--- Excerpted data ---

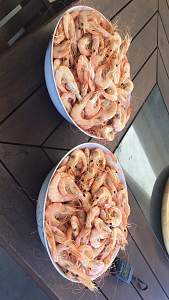 Click image for larger version. 

Name:	Cooked Prawns.jpg 
Views:	0 
Size:	57.5 KB 
ID:	115250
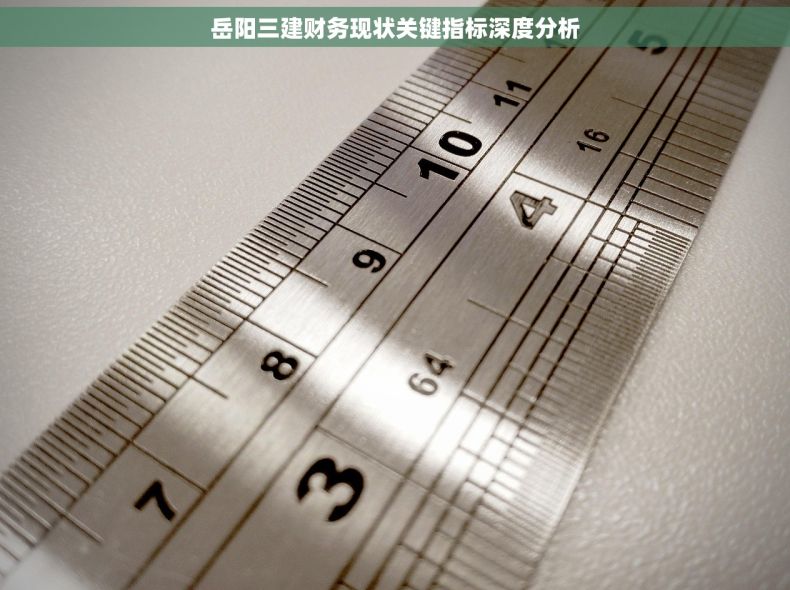 岳阳三建财务现状关键指标深度分析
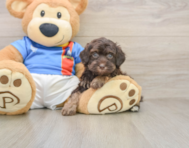 5 week old Havapoo Puppy For Sale - Premier Pups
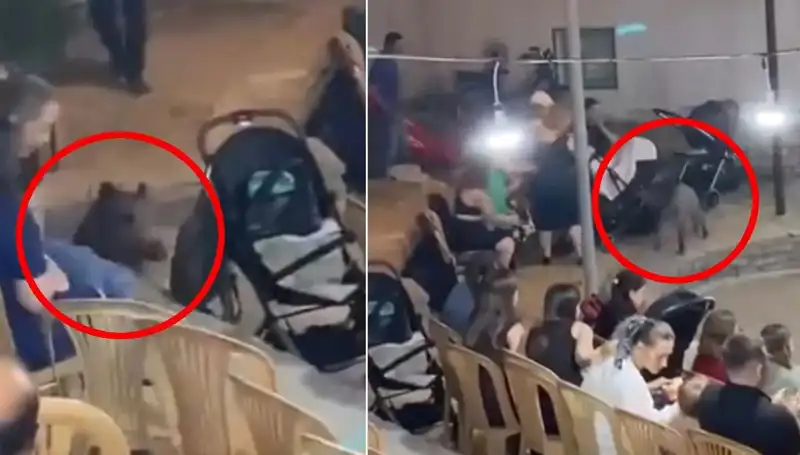 Düğün Töreninde Yaban Domuzu Paniği: Davetlilerin Tepkileri Olay Oldu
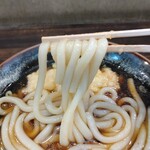ガリレオ 八兵衛 - ヤッパうどんで正解
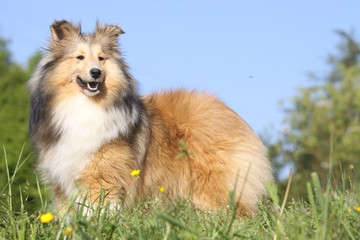 chien shetland de profil dans la nature air joyeux
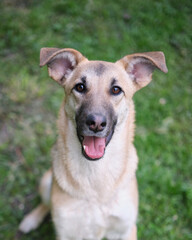 Close up portrait of cute and funny mixed breed dog sitting on the green grass. Dog, looking at the camera, waiting for adoption by pet parent High quality photo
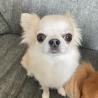 Chihuahua-Welpen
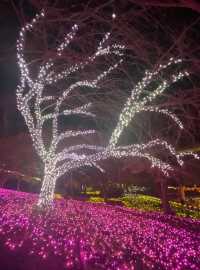 Visited the Sagamiko Light Show!!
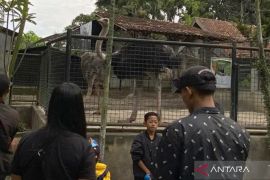 Taman Satwa Cikembulan di Garut diserbu pengunjung pada libur Lebaran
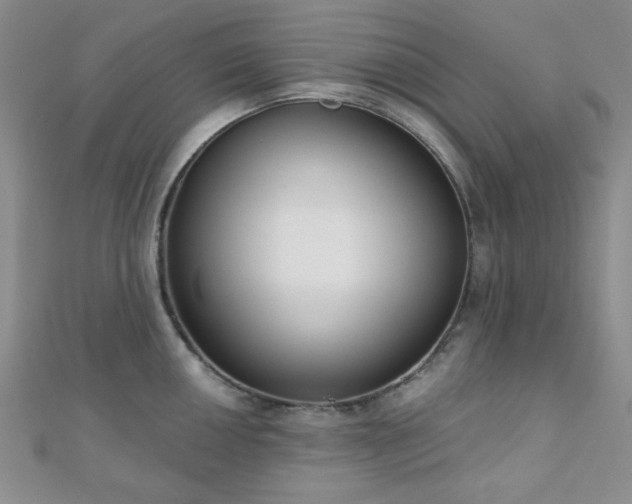 X0000110901050200906181319
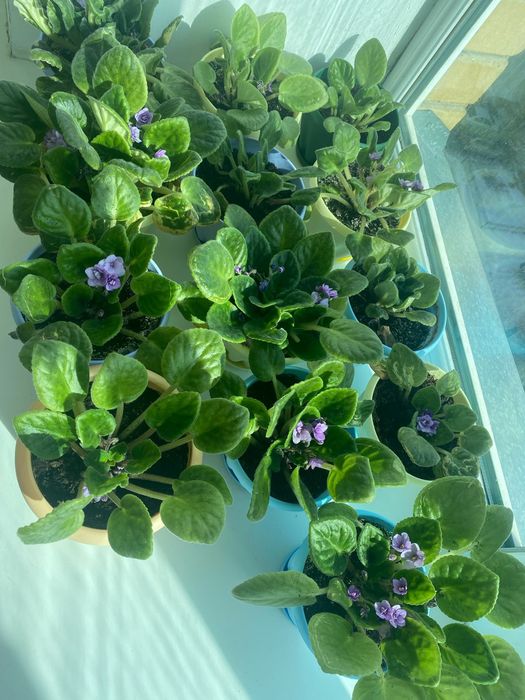 Продам комнатные цветы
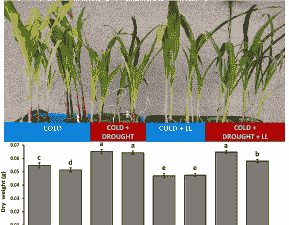 玉米种植土地ph值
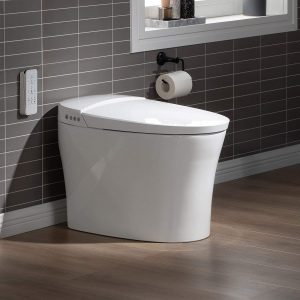 WOODBRIDGE B0970S Multi-Function Automatic One Piece Toilet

---

What you should do: Since the copy must exclude the pictures, transcribe only the text of the records, word for word.

Response for this exercise:
 Click image for larger version. 

Name:	Cooked Prawns.jpg 
Views:	0 
Size:	57.5 KB 
ID:	115250
 岳阳三建财务现状关键指标深度分析
 5 week old Havapoo Puppy For Sale - Premier Pups
 Düğün Töreninde Yaban Domuzu Paniği: Davetlilerin Tepkileri Olay Oldu
ガリレオ 八兵衛 - ヤッパうどんで正解
 chien shetland de profil dans la nature air joyeux
 Close up portrait of cute and funny mixed breed dog sitting on the green grass. Dog, looking at the camera, waiting for adoption by pet parent High quality photo
 Chihuahua-Welpen
 Visited the Sagamiko Light Show!!
 Taman Satwa Cikembulan di Garut diserbu pengunjung pada libur Lebaran
 X0000110901050200906181319
 Продам комнатные цветы
 玉米种植土地ph值
 WOODBRIDGE B0970S Multi-Function Automatic One Piece Toilet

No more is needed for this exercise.